■ **RECORDS PROVIDED**:
——
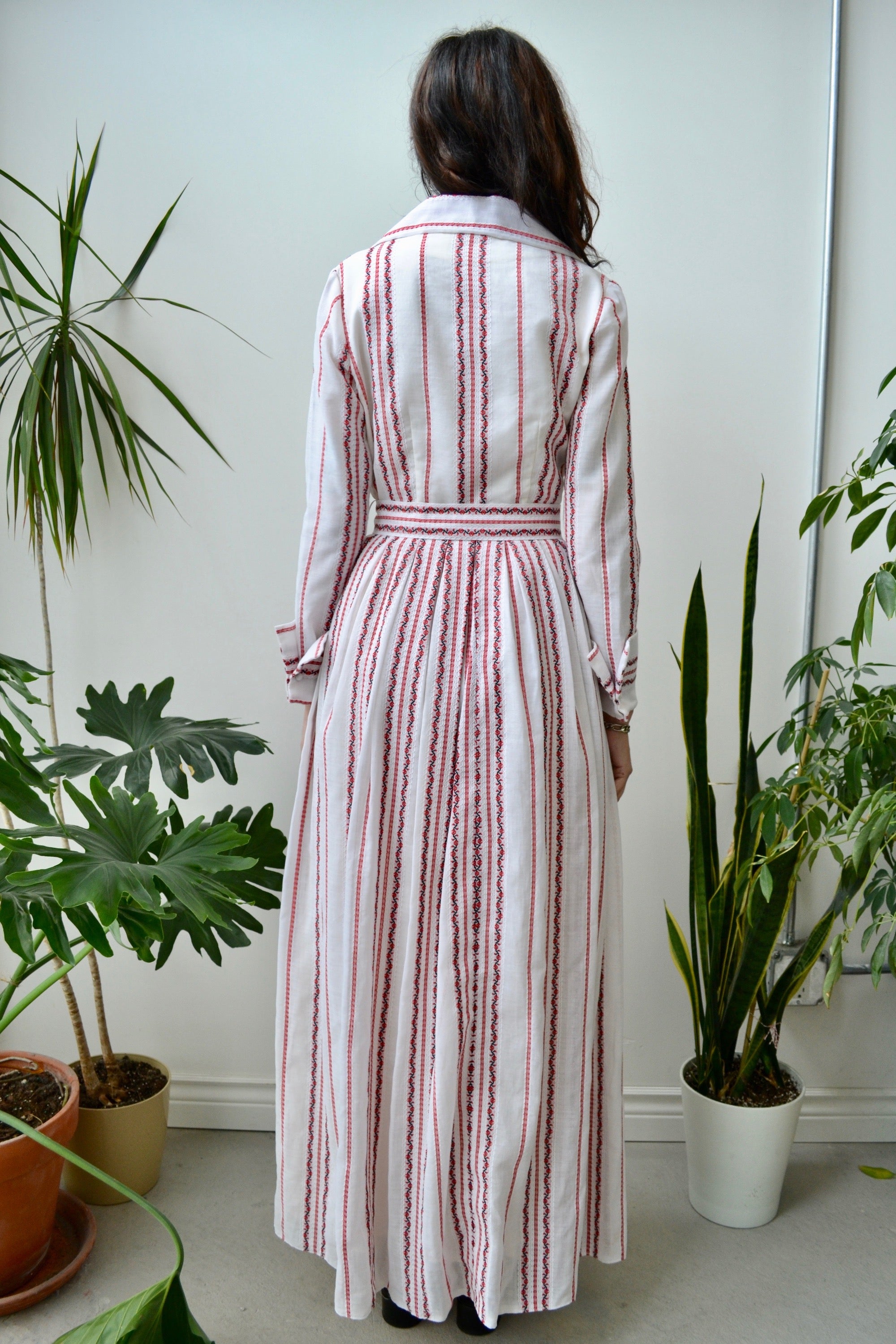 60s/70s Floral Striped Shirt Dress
——
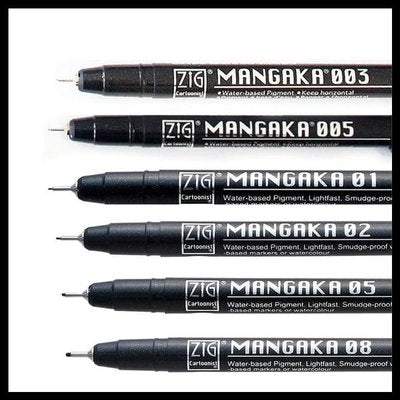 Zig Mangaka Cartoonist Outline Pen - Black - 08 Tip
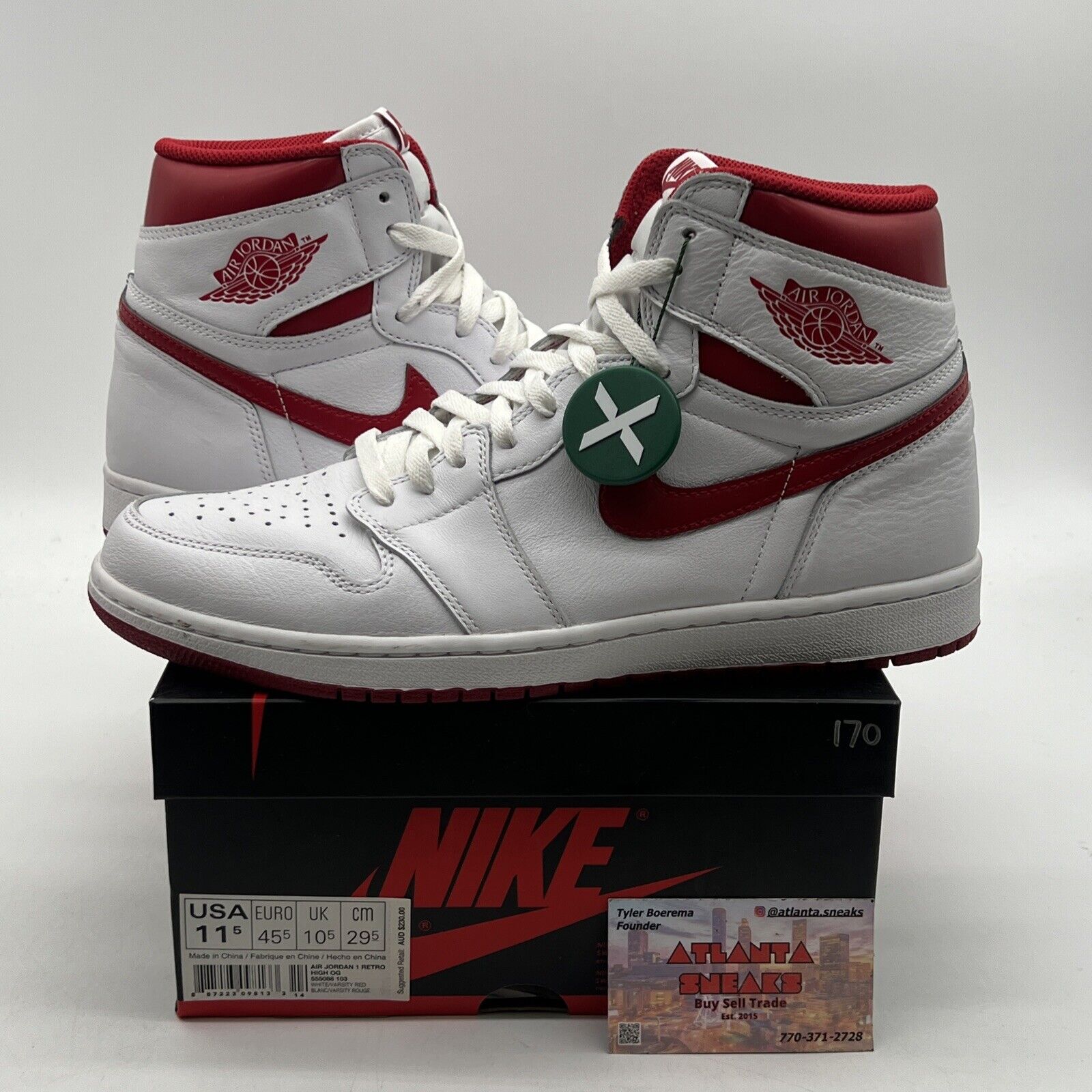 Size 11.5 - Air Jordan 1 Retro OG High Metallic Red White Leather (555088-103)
——
Copy only the lines above from the one containing "Zig Mangaka Cartoonist" through the one containing "Size 11.5 - Air", both included. Leave out the pictures.

 Zig Mangaka Cartoonist Outline Pen - Black - 08 Tip
 Size 11.5 - Air Jordan 1 Retro OG High Metallic Red White Leather (555088-103)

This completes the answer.